Arguing that children cannot consent to being sterilized and the loss sexual function, her hope in bringing the claim was to protect other children from being subjected to the same irreversible harm. She has succeeded in that laudable goal.
Mrs A, who was also a claimant in the case, has a 15 year old daughter who wants to undergo trans-affirmative procedures. She will not be able to begin that process until she reaches the age of 16, by which time it would be too late for puberty blockers to achieve the desired effect: permanent deformation and restricted growth of developing secondary sexual organs, in preparation for experimental plastic surgeries.
As such, Mrs A's daughter has been prevented from having her body irreversibly harmed in a manner she stands a 90 percent chance of living to regret.
The court also ruled that clinicians should apply to the court whenever there is doubt that the long-term interests of a 16 or 17 year-old would be served by the clinical interventions of blockers or wrong-sex hormones.
It is likely that the gender identity clinic, as the losing party, will appeal to the Supreme Court to defend their policy of performing 'sex-change' procedures on children.
Nonetheless, the decision deals a decisive blow to the expanding pediatric trans "healthcare" industry in the UK. Also checking in with their insurers will be the NHS's litigation defense fund. Providers of such "healthcare" worldwide will now be considering their options, and whether they can afford the litigation risk of continuing to mutilate children's healthy bodies.
The Tavistock clinic argued that clinicians are able to assess which child's pubertal development needs to be arrested, and which child's sexual development should be interfered with. Fenella Morris QC, representing the NHS Trust, argued that it was "a radical proposal" to suggest children were incapable of informed consent to gender identity ideology-based medical procedures which would render them sterile.
The judges disagreed, and drew a line against the practice.

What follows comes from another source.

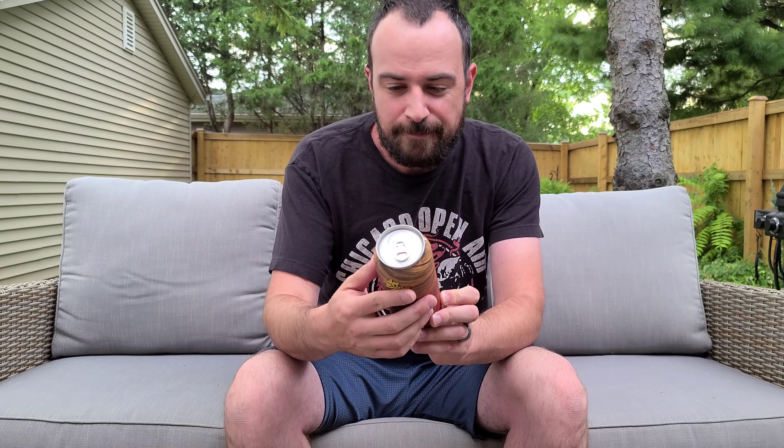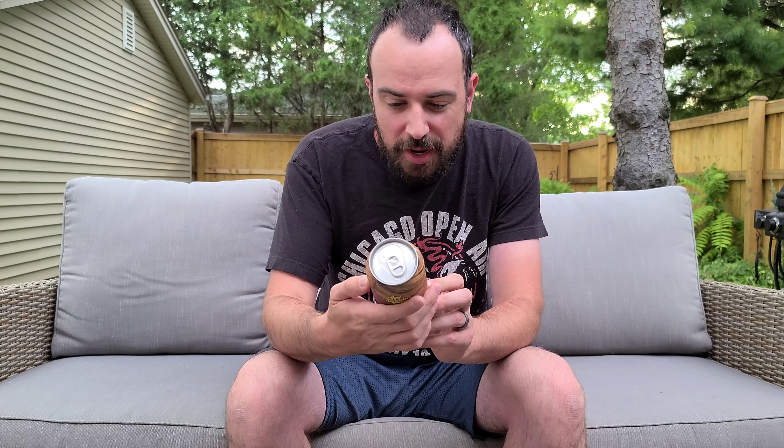We've got a brand new one here from Hot Butcher. This one is called Soar. It is a Mexican style lager, and it is 4.75%. The tasty notes on this are crisp cracker, dried apricot, and sweet cereal. There's a nice good look at the can right there — very, very neat.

Gillick competence, and the Montgomery criteria, are the tests for whether or not a child can consent to ordinary medical treatment—which does not result in permanent damage—without parental permission. If the medic considers that the child is mature enough to understand the implications of the treatment, parental rights can be overridden. This begs the question of how a child can know what it means to lose their future fertility and sexual function, a question to which the court answered "no."

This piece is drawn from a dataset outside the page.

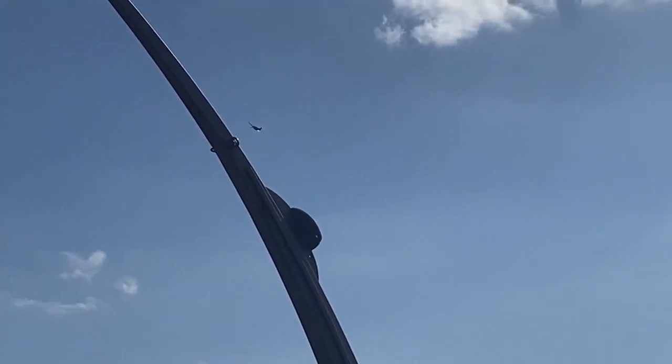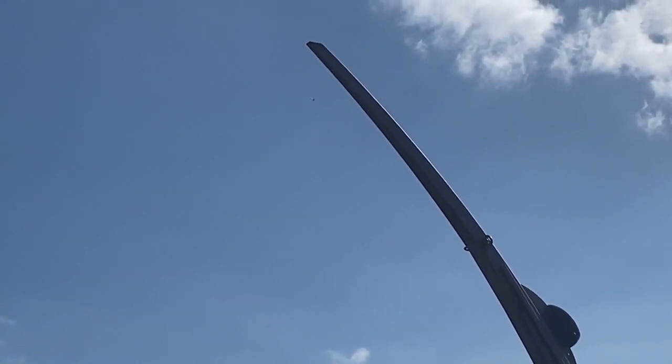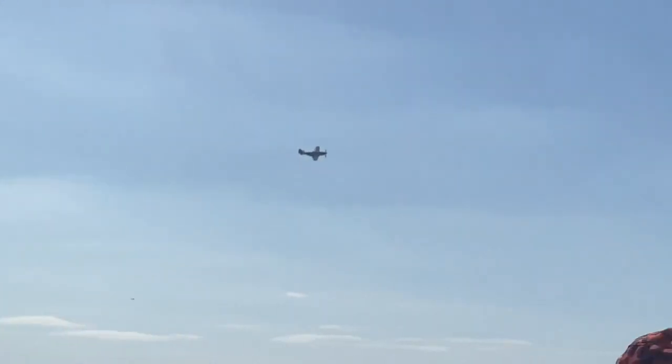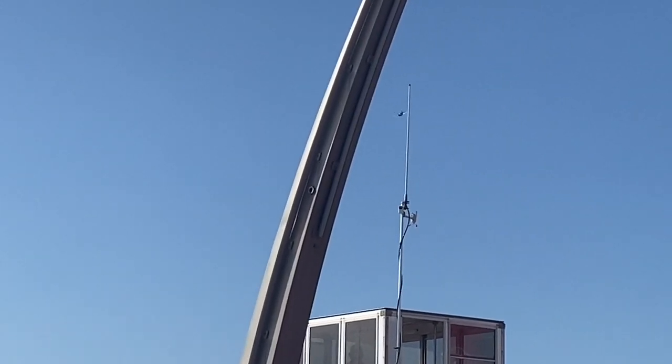I'll ask the question: is the best one in the world the Spitfire or the Mustang? Ladies and gentlemen, Alistair Stegg-Williams, T51D Mustang.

Since the 2000s, the Tavistock has treated hundreds of children, some as young as 10, sometimes against their parents' wishes.
The most commonly used blocker is triptolerin, a powerful drug licensed to treat advanced prostate cancer in men, to chemically castrate male sex offenders, and to halt precocious puberty. It is not licensed as a cure for the mental health condition known as gender dysphoria.
Girls are particularly vulnerable to being drawn into the trans "healthcare" system. In 2009, 40 girls under 18 were referred for gender identity ideology-based treatment in England. By 2017 this had multiplied to 1,806, prompting suggestions that social contagion was at play.
Bell's claim is, essentially, an appeal for reproductive justice. It is the latest in a line of cases which began in 1976 with Loretta Ross' successful suit against the manufacturer of the contraceptive IUD Dalkon Shield which cost her her fertility, a risk known to the US Centers for Disease Control since 1973.
The global fight for women's health has a long history, from the campaign against the Contagious Diseases Acts of the 1860s, to the Irish Survivors of Symphysiotomy, and the vaginal mesh scandal in the last decade. That girls are being sterilized before they are old enough to comprehend that loss will hopefully, if there is any justice, join that list.
The decision of the court in favour of Bell has opened the way for clinical negligence claims by other children who have been harmed. Indeed, medical negligence specialists are already accepting clients. Trans healthcare providers the world over, and parents of children who think they are trans, have a lot to think about.